Zeus as Satyr and Antiope | Greco-Roman mosaic from Zeugma | Gaziantep Museum, Turkey

Antiopia’s Kitchen Party

The treble it trembles a wavering note. It flickers, like sadness, in A hand-me-down throat. Tongue jives with madness in a fickle sweet head. It could be your voice, or the voice of the dead. The hollow space carries the withering sound from a heart full of darkness to a strange thorning crown. Noise is a sorrow. A voice from on high sings a dirge to those living below.

Who are the dead? And where do they lie? Whose Heart strings the harp and the bow?

The growl of anguish in this bone-weary boy, a guttural hope a destitute joy. Mourning has broken like the first death. Shadows have spoken grasping at breath. The voice of the master is weirdly profound, or is it profoundly weird? Out in the kitchen, there are other sounds. The dead go on living in fragments of tune. Out of step with the world, to the beat of the spoon. It is not that we’re happy, or that we’re not. We simply believe in that big old stew pot. The newspaper lies, Kindling for the fire. The radio’s off, completely unwired. Snatches of songs, The ones never written, Play in the mind   a restless old kitten. The treble, it trembles a wavering note It flickers, like gladness, in a hand-me-down throat.

~Joshua Paetkau.

One of my favourite quotes, from Charles Peguy, goes something as follows: “Nothing is as old as today’s news. If you want to read something new go to the Odyssey and the Iliad of Homer.” Our age of fast food and fast news is unsatisfying to the storied souls of the human creature. We, the human race, are creatures of storytelling. We grew up, as a species, around the campfire telling stories and singing songs, and sharing in the body and blood of creation for our physical nourishment.

Later on, that became the kitchen. This is evolution, and the meaning of this evolution is pretty clear. Kitchens should be places of story and song. They are the places where the human creature is nourished, and the nourishment of body and mind is something that should not be separated in practice or in theory. What happens when that sacred space is invaded by the radio, the television, the internet?

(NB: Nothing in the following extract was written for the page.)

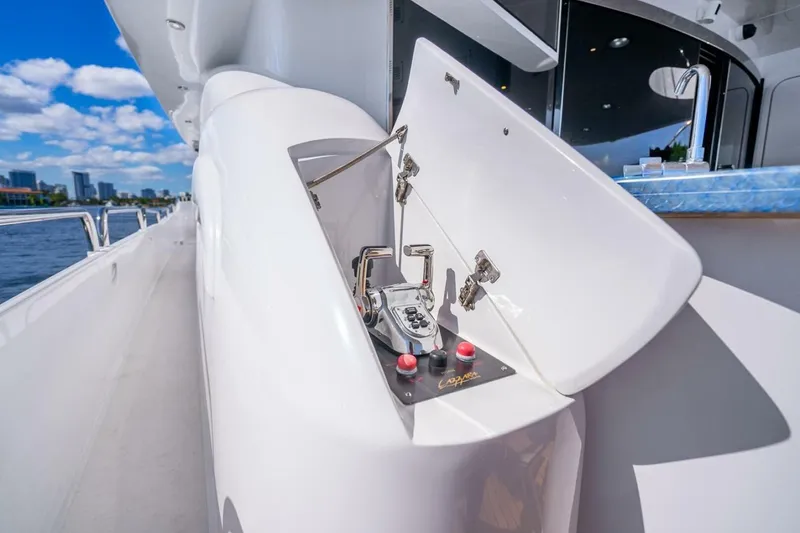 Slide: The Image of 2008 Lazzara Motor Yacht control panel with open hatch, docked by city skyline. - 60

What I would like to do, here on this blog, has something to do with storytelling and song, the sacred and the sacrificial, but at a human and humane scale. These are my reflections, nothing more; the traces of an erratic pattern through the air, maybe a bit like the winged flight of nymphalis antiopia, the mourning cloak butterfly.

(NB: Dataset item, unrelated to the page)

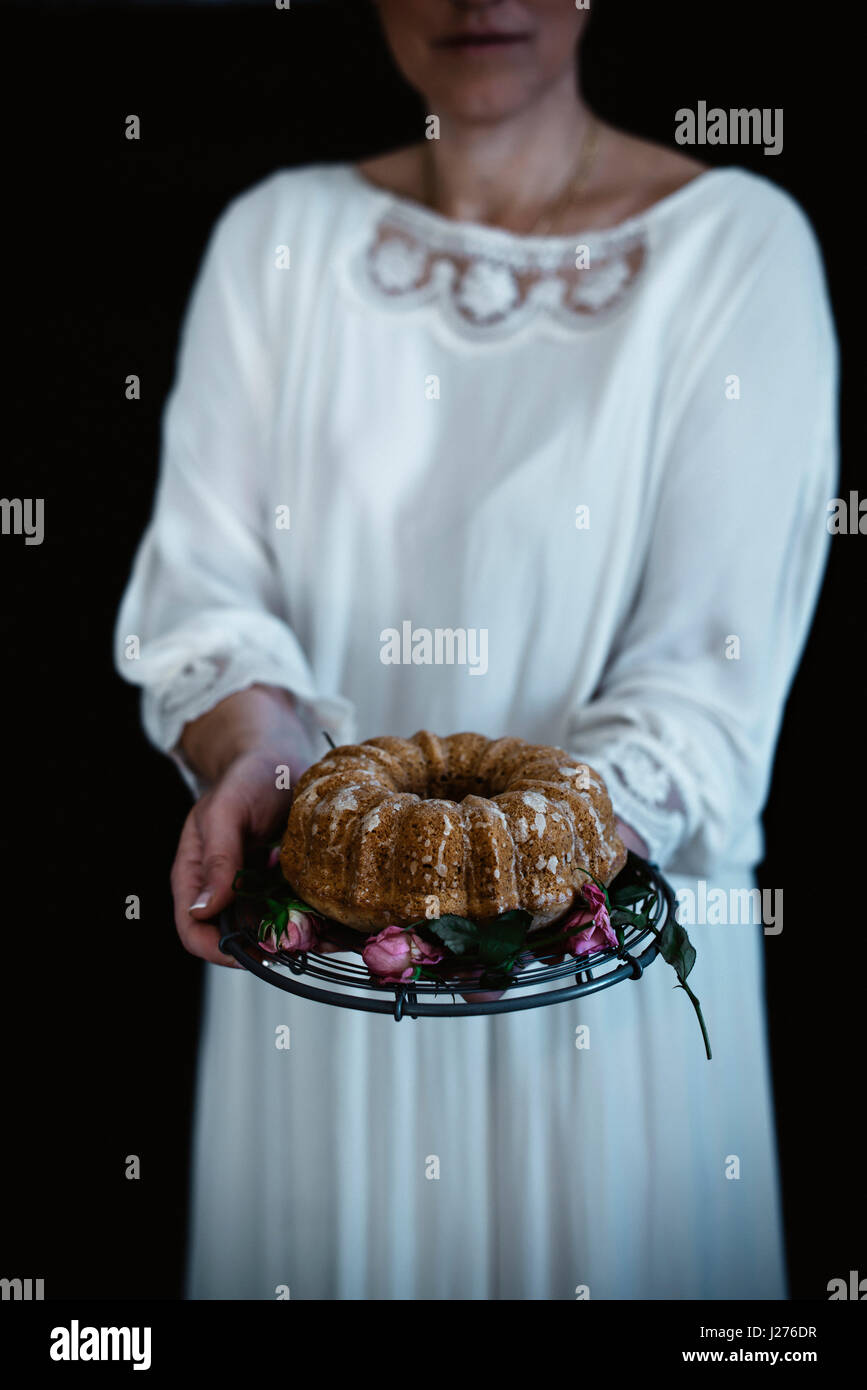 Une femme tenant un gâteau poire sur un cake stand. Banque D'Images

I do not mean that I have nothing substantial to think about, or to say. Often, I think I might have more of substance, and so might you, than many of our so-called political leaders, or the crafters of political narrative today. The news cycle of today is so tired, so weary. Is it not time to ‘forget that tired story of betrayal and revenge?” Maybe the sacred spaces of our minds and kitchens should be rescued from the voices of the political and cultural mastery, and returned to the risk of an uncommon song of real togetherness?

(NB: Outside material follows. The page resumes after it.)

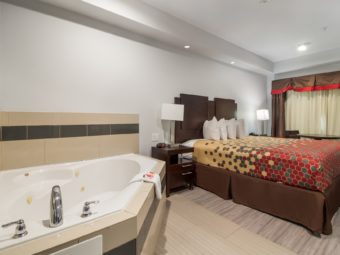 Jacuzzi with tiled surround, king bed, night stands with bedside lamps, telephone and clock, laminate and tiled flooring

After all, those voices from on high are often pretty dismal, even when they are eloquent and refined and eloquent. I can understand that a national broadcaster can help build a national consciousness, but what about kitchen consciousness? My contention is that there is more reality in the stewpot than on the television. My contention is that parliament is not so political a space as the hearth. Take a look, whatever country you happen to live in, at the political parties that exist. Are these the parties you would like to attend?

As for me, I would rather go to a kitchen party. The political parties are full of masters, droning on with pretentious self-importance. Masters whose voices authoritatively beckon us, and divide us from people we might otherwise care about and for. Masters who, like the wolf from the fairytale of Red Riding Hood, demand affection that by right belongs to our grandmothers. Why, exactly, are we looking for wisdom from people who do not know or care about the kitchen?

There is a big difference between the voice trying to find its own way by haltingly learning and mimicking the voices of the past – inventing its own variations along the way – and the monolothic overriding voice of conformity. Political parties are about toeing the party line, kitchen parties are about finding and remembering the harmonies, or even hashing out the dissonant chords. Sometimes it can be fun to sing out of tune, too, as the Beatles famously suggested in “With a Little Help from My Friends.” What would you say if I sang out of tune? Would you get up and walk out on me?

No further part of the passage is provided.